(What is required) Return the data that follows exactly as it appears. Pictures do not belong in the copy.

Crawled caption data

################

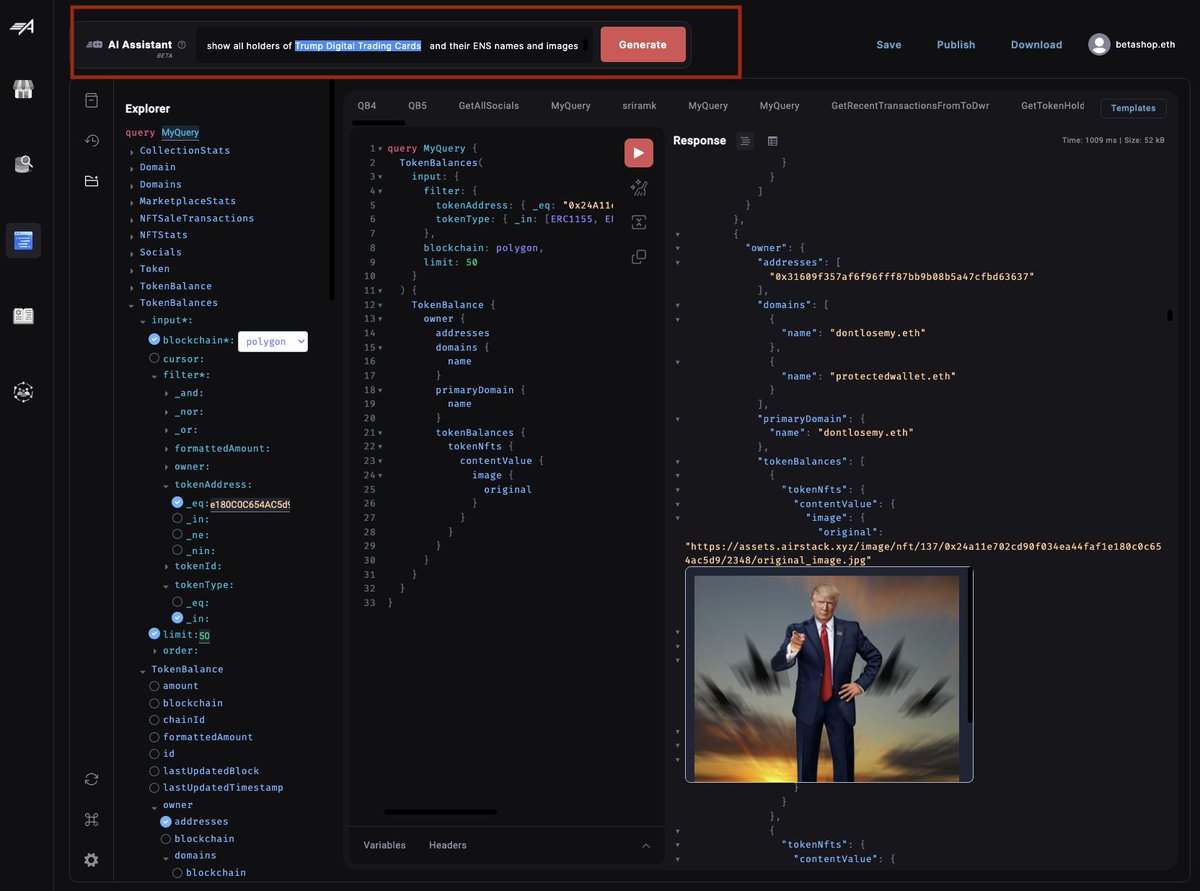 betashop's tweet photo. What's even cooler than searching Ethereum with natural language?

Searching Ethereum AND Polygon with natural language in a single cross-chain, cross-project, query and response

e.g. "Show all holders of Trump NFTs and their ENS names" https://t.co/PiNzD0ifbK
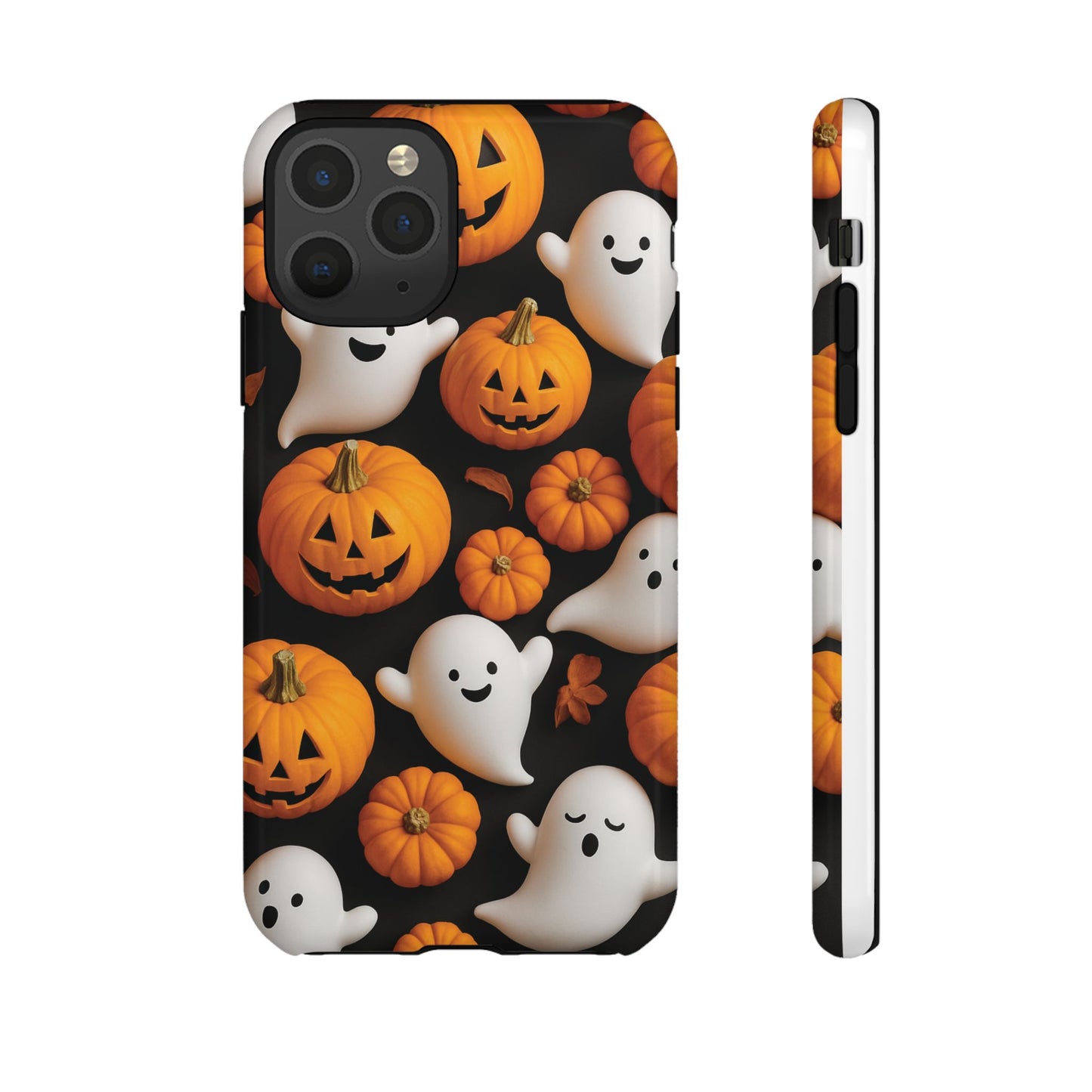 Halloween Phone Case, Spooky Ghosts and Pumpkins Design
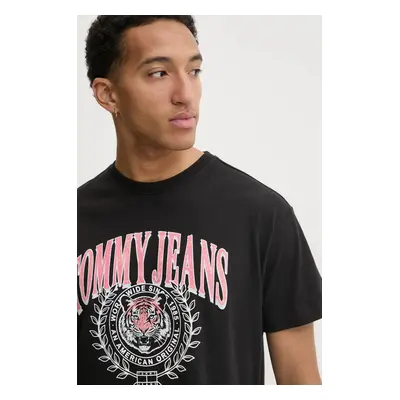 Bavlněné tričko Tommy Jeans černá barva, s potiskem, DM0DM21191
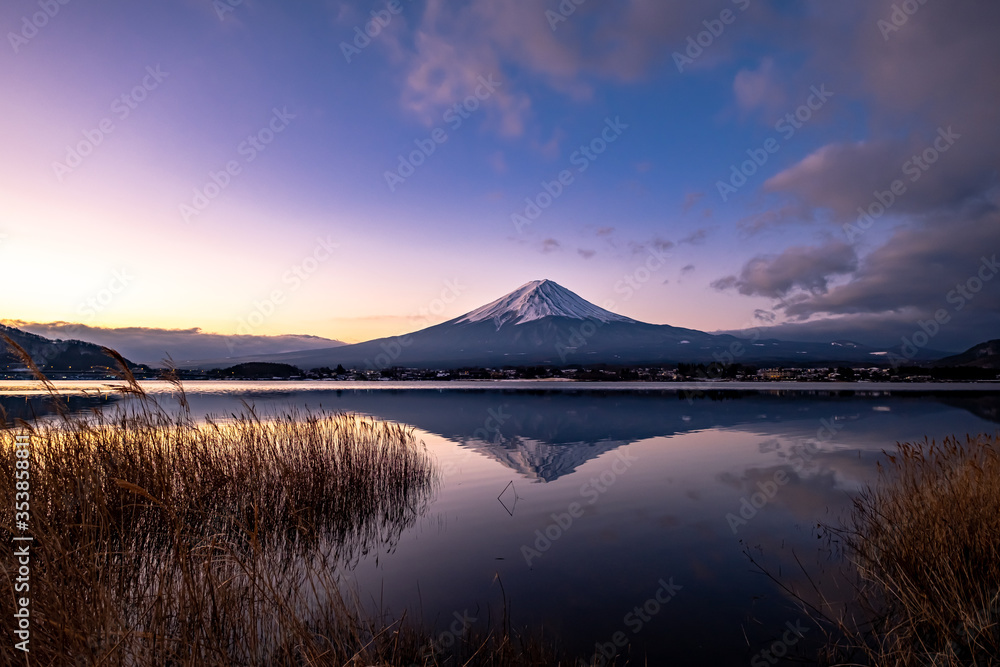 Mount Fuji with reflection on Lake Kawaguchiko during twilight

################

(Output)
 betashop's tweet photo. What's even cooler than searching Ethereum with natural language?

Searching Ethereum AND Polygon with natural language in a single cross-chain, cross-project, query and response

e.g. "Show all holders of Trump NFTs and their ENS names" https://t.co/PiNzD0ifbK
 Halloween Phone Case, Spooky Ghosts and Pumpkins Design
 Bavlněné tričko Tommy Jeans černá barva, s potiskem, DM0DM21191
 Mount Fuji with reflection on Lake Kawaguchiko during twilight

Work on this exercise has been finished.